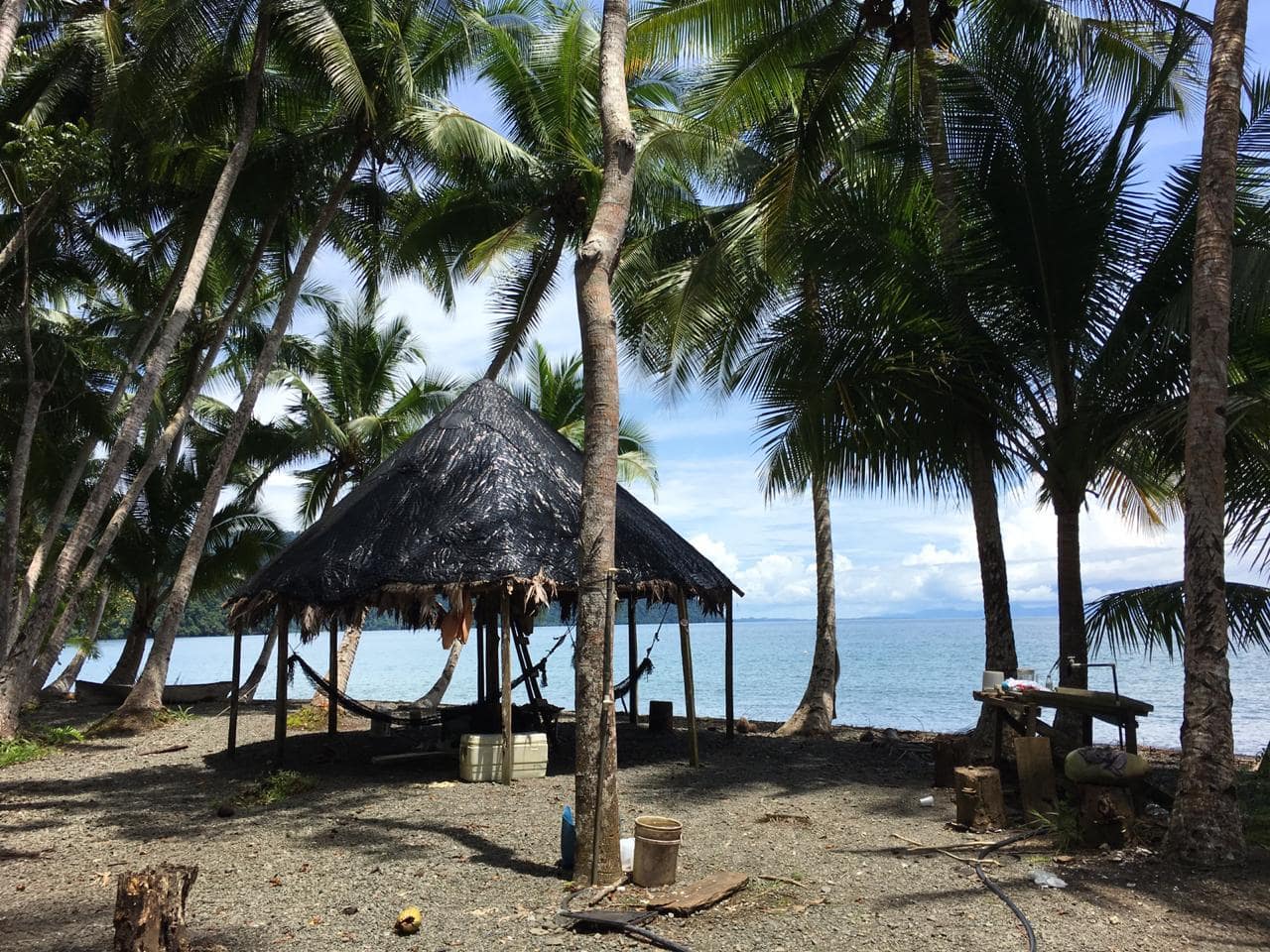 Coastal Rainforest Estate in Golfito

——————————

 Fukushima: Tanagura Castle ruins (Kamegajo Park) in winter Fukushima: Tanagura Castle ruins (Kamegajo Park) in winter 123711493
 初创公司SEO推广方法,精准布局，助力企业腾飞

——————————

Everything above from the line containing "in winter 123711493" through the line containing "初创公司SEO推广方法,精准布局，助力企业腾飞" must be copied exactly. Nothing outside that range belongs in the answer.

» REPLY TO THE TASK:
 Fukushima: Tanagura Castle ruins (Kamegajo Park) in winter Fukushima: Tanagura Castle ruins (Kamegajo Park) in winter 123711493
 初创公司SEO推广方法,精准布局，助力企业腾飞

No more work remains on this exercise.